ASSIGNED TASK: Copy down the listing below exactly. Do not include pictures.

#### EXERCISE DATA

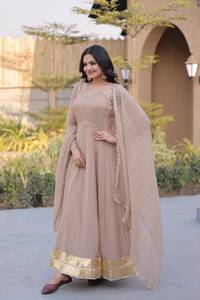 Último Modelo de Vestido de Novia para Mujer, Material Plateado Brillante, Anarkali con Diseño Elegante en V, Borde de Encaje con Espejo y Conjunto de Dupatta Elegante - Product Image 2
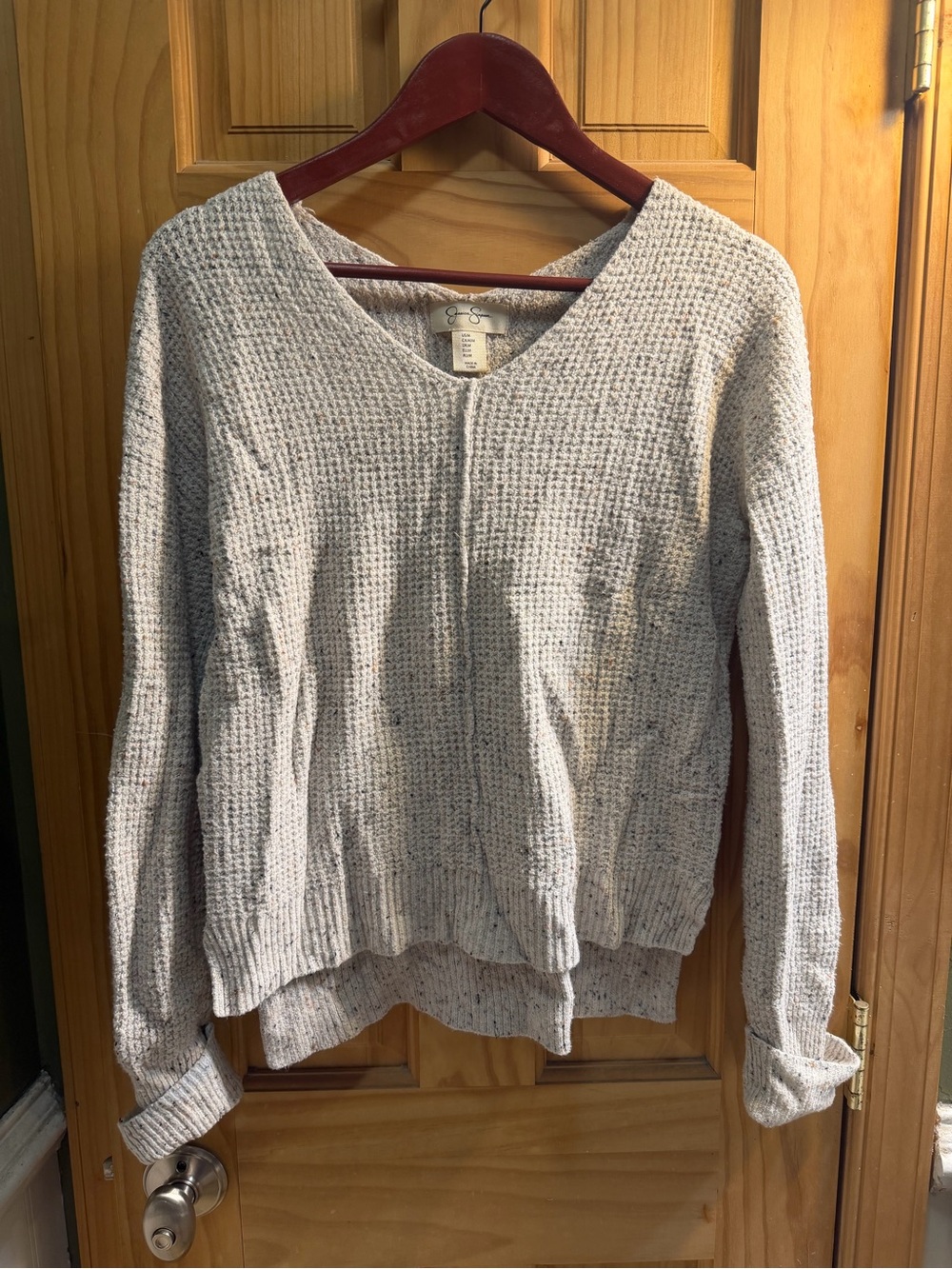 Jessica Simpson Light Gray Waffle Knit V-Neck Sweater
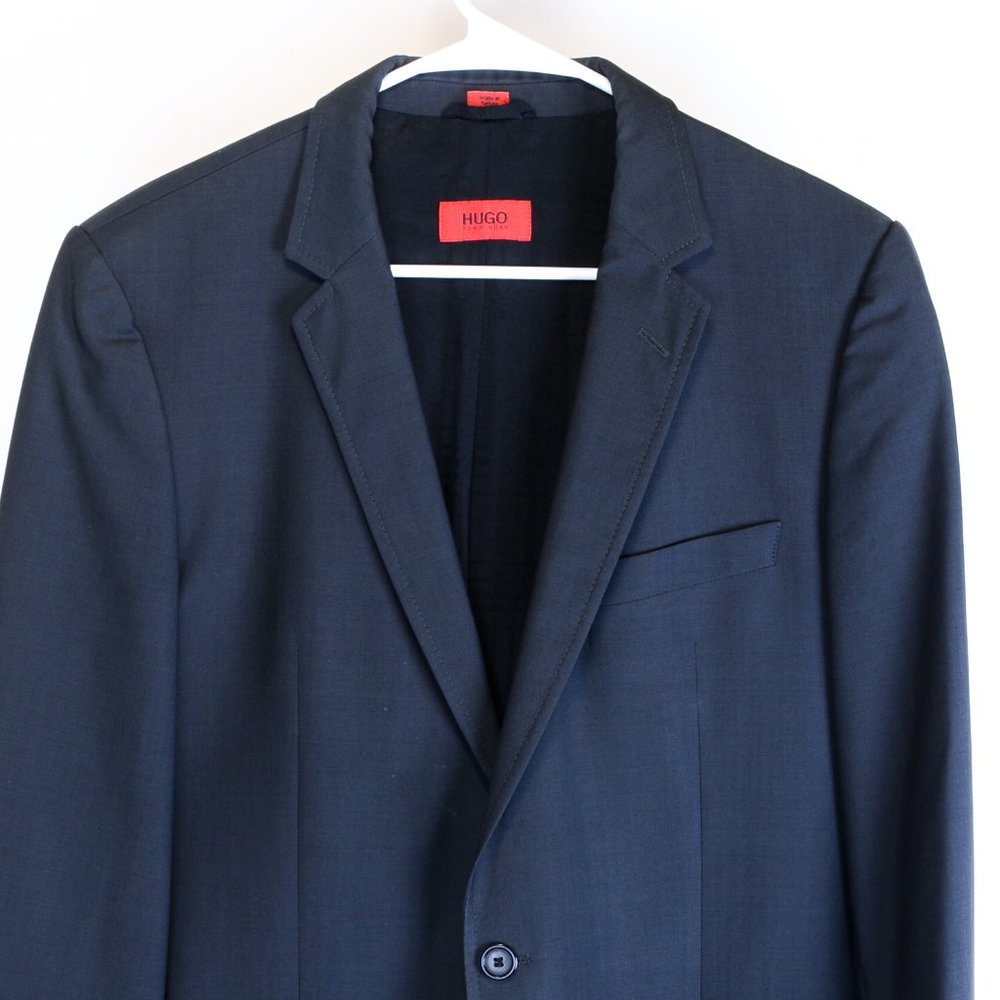 HUGO BOSS Red Label black blazer in EUC!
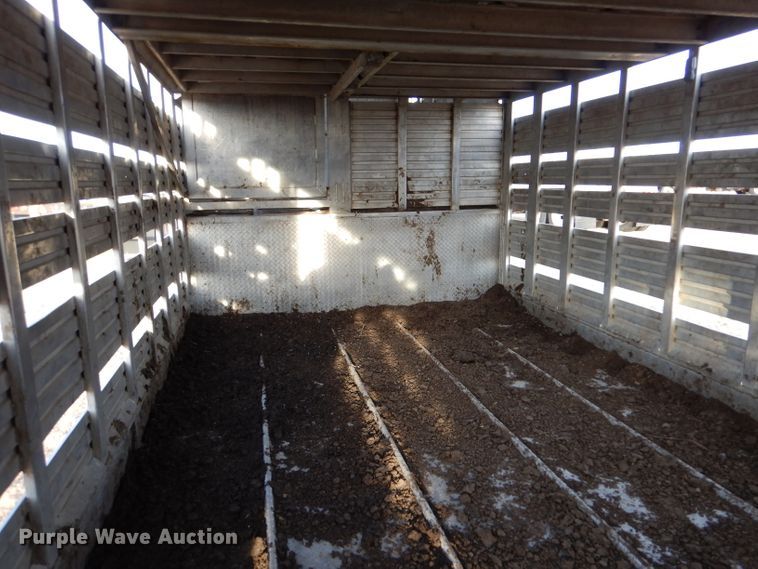 image for item DK7243 1975 Barrett Trailers  livestock trailer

########

RESPONSE TO THIS TASK:
 Último Modelo de Vestido de Novia para Mujer, Material Plateado Brillante, Anarkali con Diseño Elegante en V, Borde de Encaje con Espejo y Conjunto de Dupatta Elegante - Product Image 2
 Jessica Simpson Light Gray Waffle Knit V-Neck Sweater
 HUGO BOSS Red Label black blazer in EUC!
 image for item DK7243 1975 Barrett Trailers  livestock trailer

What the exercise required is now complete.